Lee v. Zatecky, 1:12-CV-451-JMS-DML, 2013 WL 3936216 *3 (S.D. Ind. July 30, 2013).
As explained by the Supreme Court, the AEDPA “places a new constraint on the power
of a federal habeas court to grant a state prisoner’s application for a writ of habeas corpus with
respect to claims adjudicated on the merits in state court.” Williams v. Taylor, 529 U.S. 362, 412
(2000); see also Miller–El v. Cockrell, 537 U.S. 322, 337 (2003) (“Statutes such as AEDPA have
placed more, rather than fewer, restrictions on the power of federal courts to grant writs of
habeas corpus to state prisoners.”). “The petitioner carries the burden of proof.” Cullen v.
Pinholster, 131 S. Ct. 1388, 1398 (2011). “Under § 2254(d), a habeas court must determine what
arguments or theories supported or, as here, could have supported, the state court’s decision; and
then it must ask whether it is possible fairminded jurists could disagree that those arguments or
theories are inconsistent with the holding in a prior decision of this Court. Harrington v. Richter,
131 S. Ct. 770, 786 (2011).
In addition to the foregoing substantive standards, “[a] state prisoner . . . may obtain
federal habeas review of his claim only if he has exhausted his state remedies and avoided
procedurally defaulting his claim.” Thomas v. McCaughtry, 201 F.3d 995, 999 (7th Cir. 2000).

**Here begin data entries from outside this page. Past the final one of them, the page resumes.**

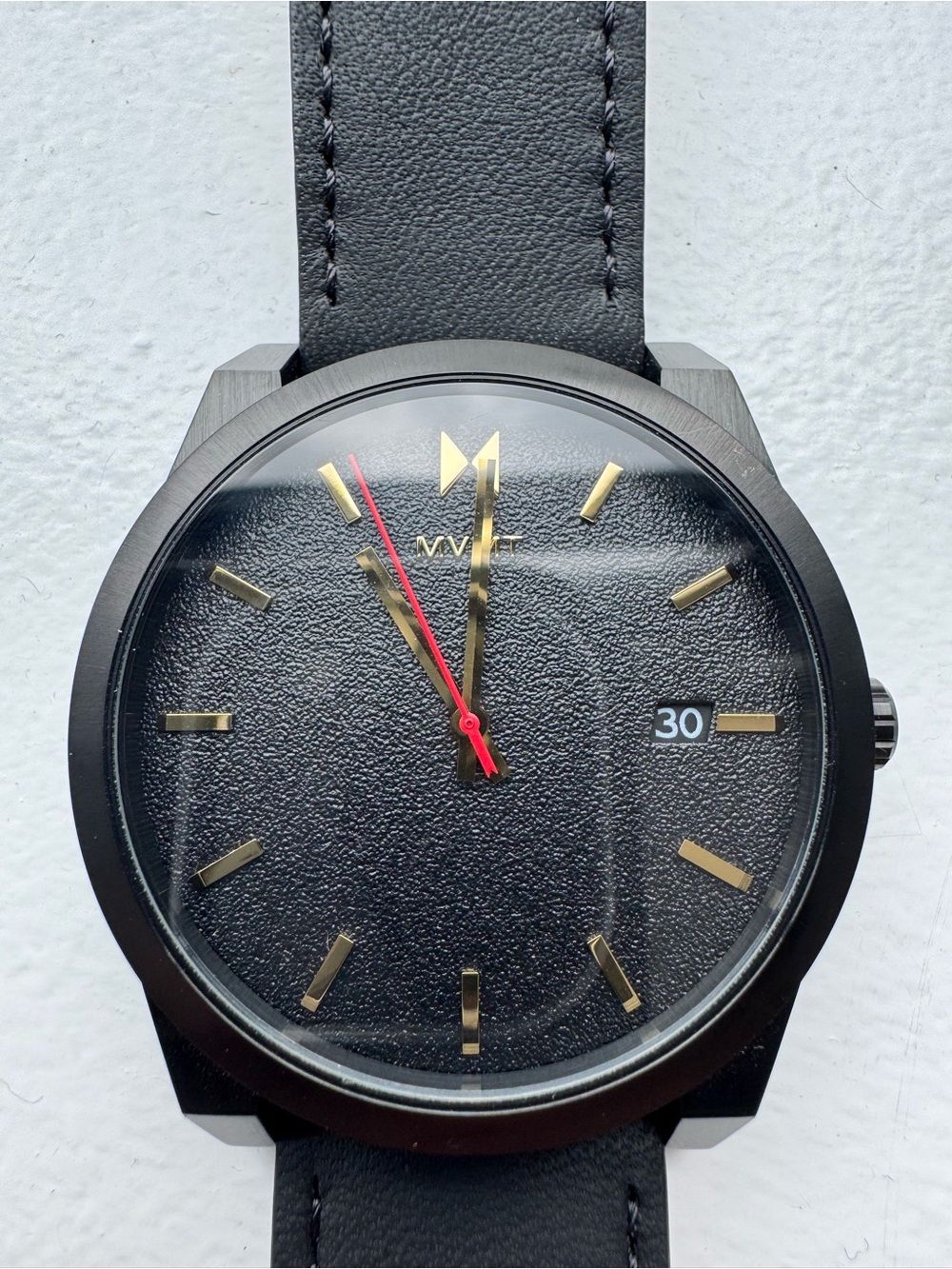 MVMT Black Dial Watch with Gold Markers and Red Second Hand - Quartz Movement
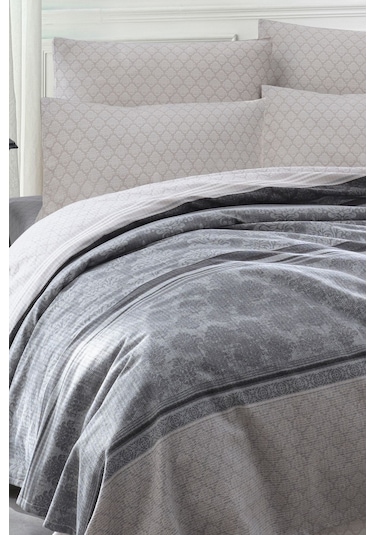 Enlora Home Doğal Pike Baskılı Çift Kişilik Creative Gri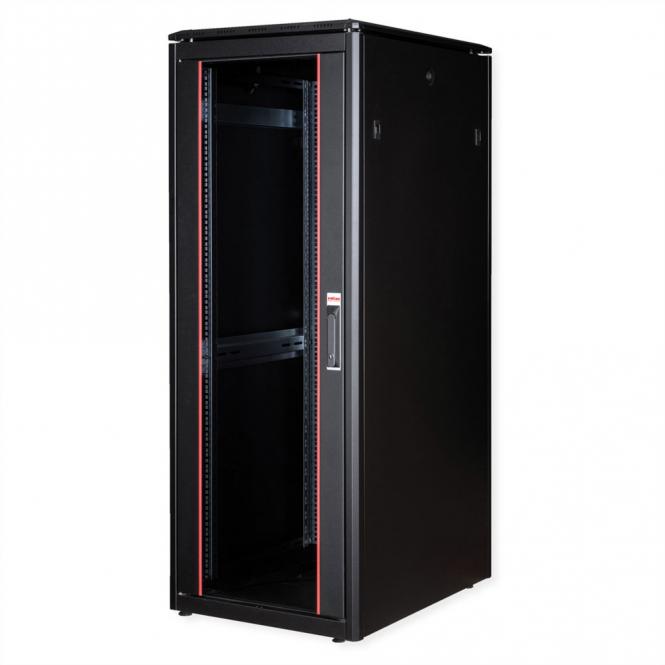 19-Zoll Netzwerkschrank Pro 32 HE, 600x800 BxT Glastür schwarz 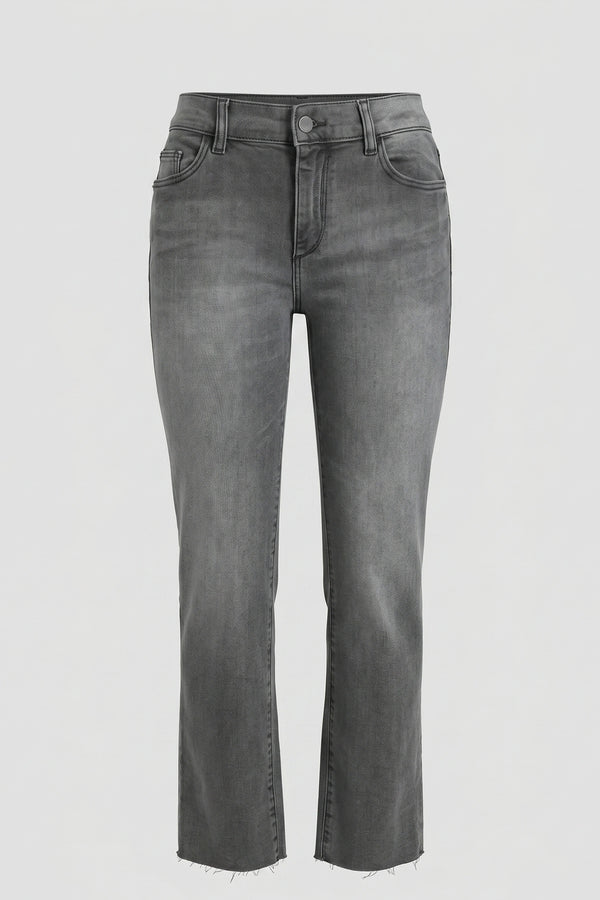 Women’s Straight Cut Mid Rise Jeans – Raw Hem Denim
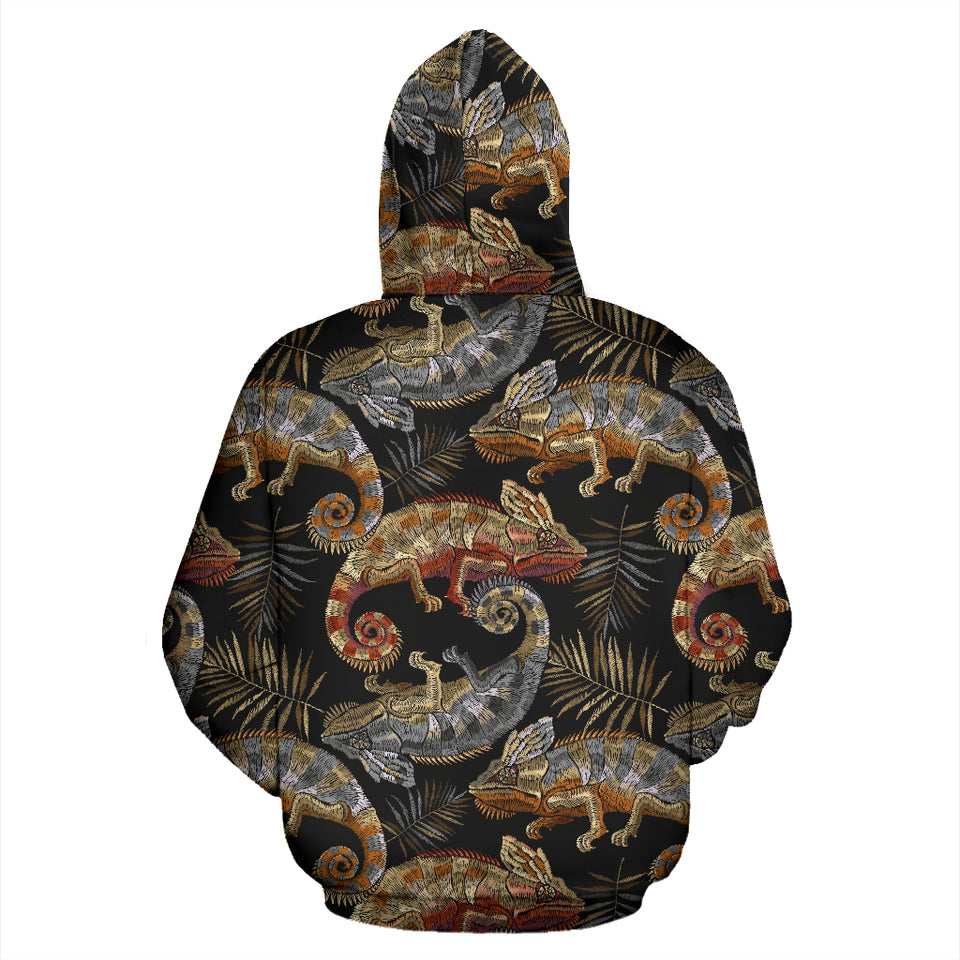 Chameleon Lizard Tropical Leaves Palm Tree Zip Up Hoodie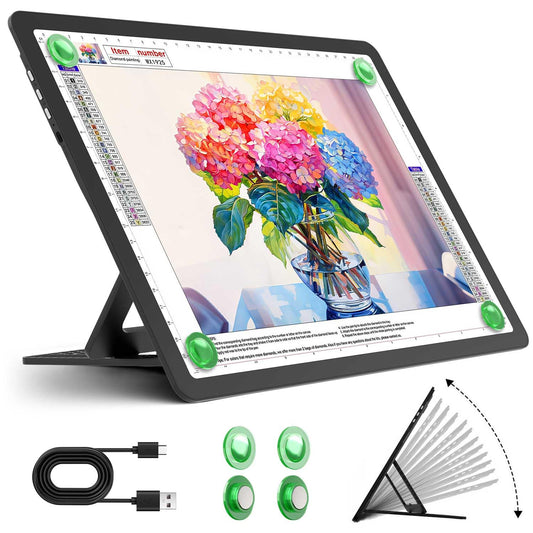 Zocelight Rechargeable A4 Light Pad with Built-in Stand,Super Bright Magnetic Light Table with Physical Buttons,Wireless Light Box for Tracing, Light Board for Diamond Painting,Sketching Weeding Vinyl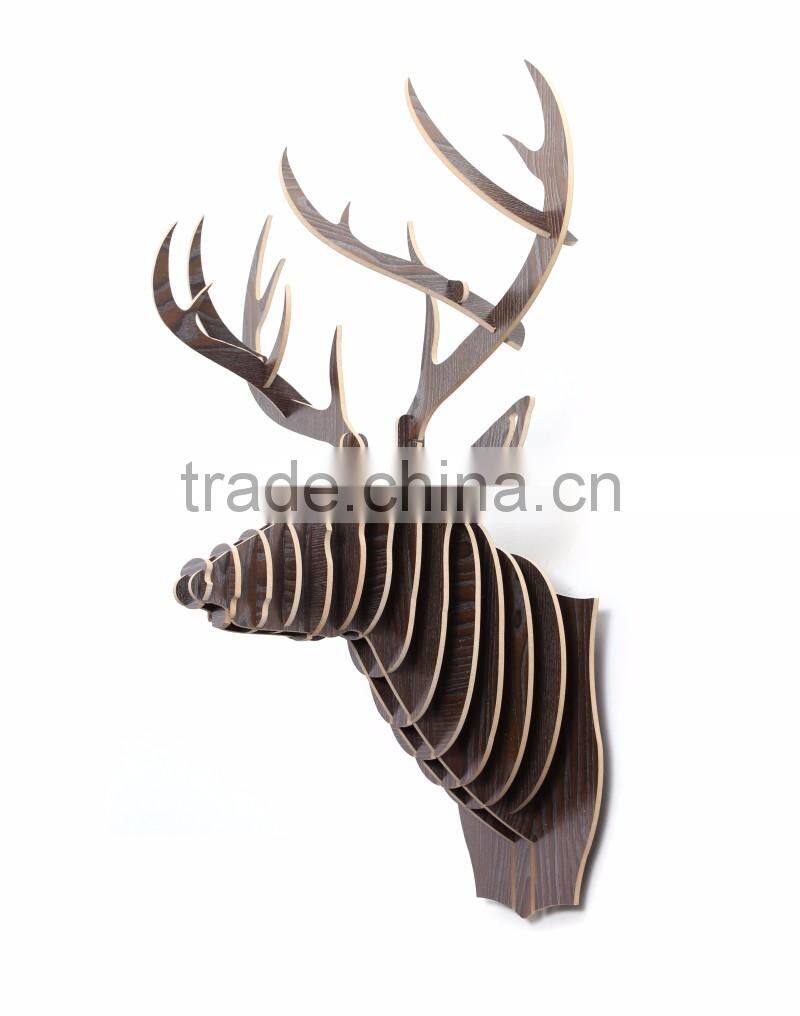 Wall hanging wood crafts moose head decoration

Procedural default “occurs when a claim could have been but was not presented to the state court
and cannot, at the time that the federal court reviews the habeas petition, be presented to the state
court.” Resnover v. Pearson, 965 F.2d 1453, 1458 (7th Cir. 1992), cert. denied, 508 U.S. 962
(1993). When procedural default has occurred, it can be overcome if a habeas petitioner “can
demonstrate either (a) cause for the default and prejudice (i.e., the errors worked to the
petitioner’s ‘actual and substantial disadvantage,’); or (b) that failure to consider his claim would
result in a fundamental miscarriage of justice (i.e., a claim of actual innocence).” Conner v.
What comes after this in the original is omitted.